#### [What to do]
Set down the data below word for word, and leave the images aside.

#### [Data extract]
----------------
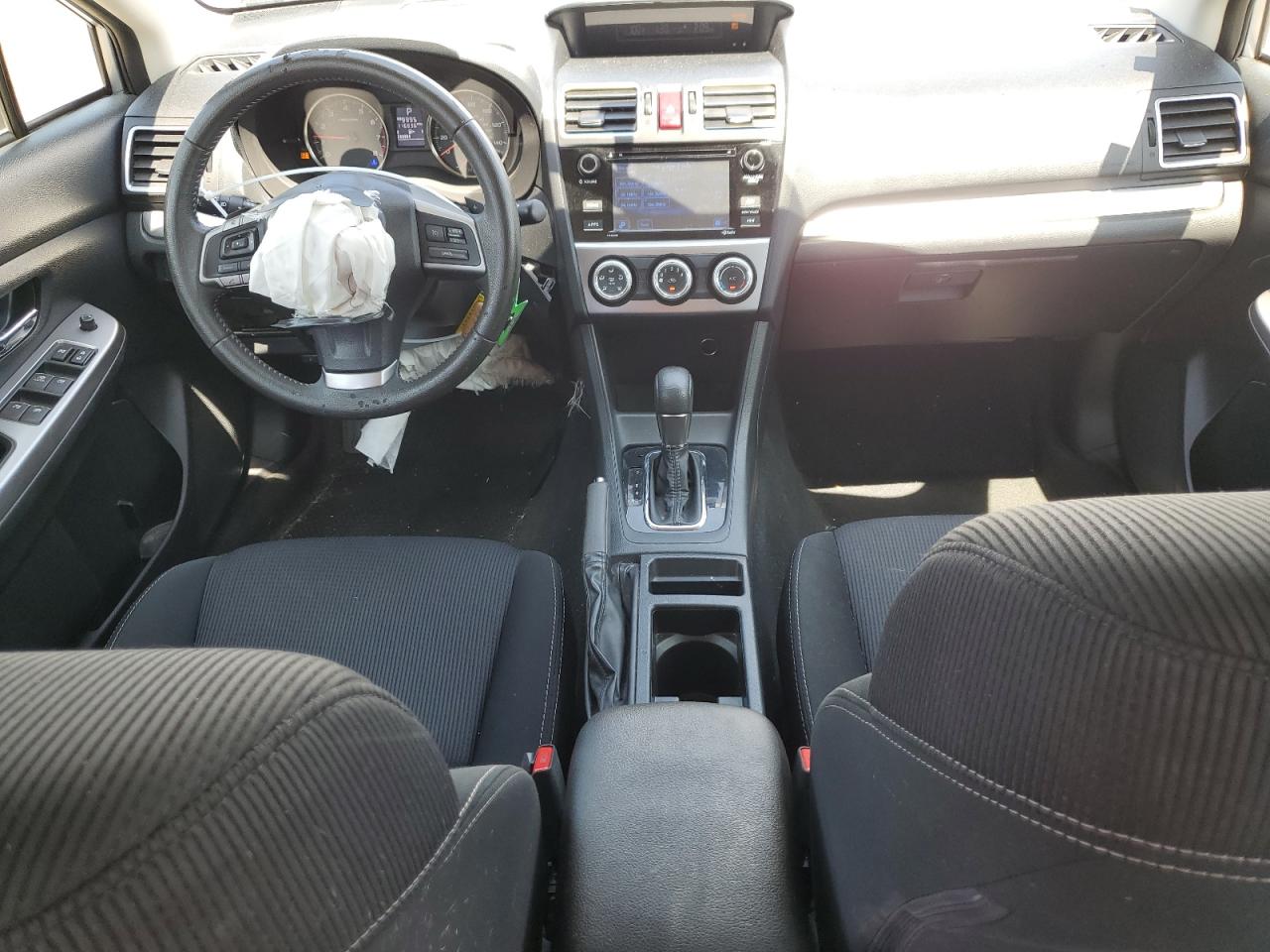 2015 Subaru Impreza Sport VIN: JF1GPAT67F8295811 Lot: 65283054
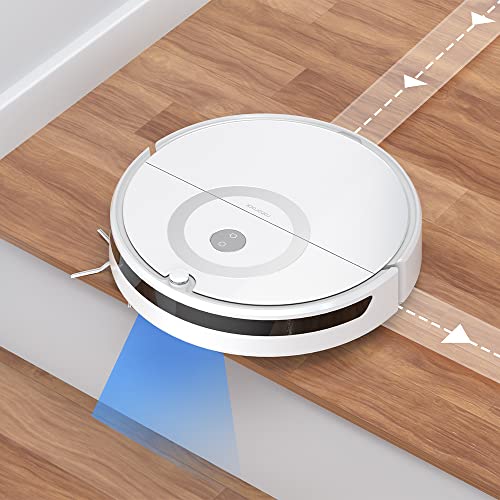 roborock S5 Robot Vacuum Cleaner (White) Pricepulse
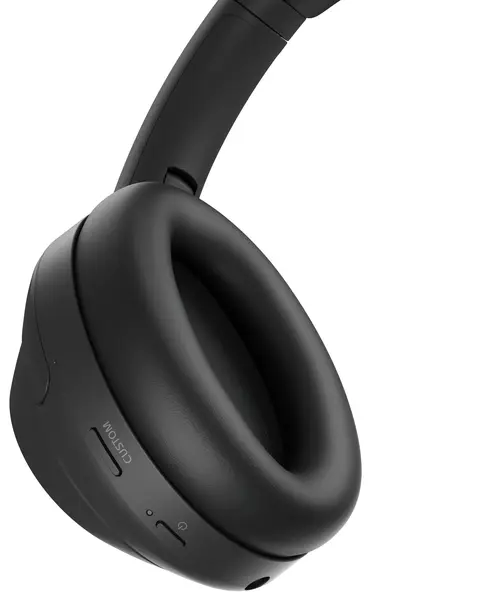 Наушники Sony WH-1000XM4 Black (WH1000XM4B) - купить по лучшей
----------------
#### [Completed exercise]
 2015 Subaru Impreza Sport VIN: JF1GPAT67F8295811 Lot: 65283054
 roborock S5 Robot Vacuum Cleaner (White) Pricepulse
 Наушники Sony WH-1000XM4 Black (WH1000XM4B) - купить по лучшей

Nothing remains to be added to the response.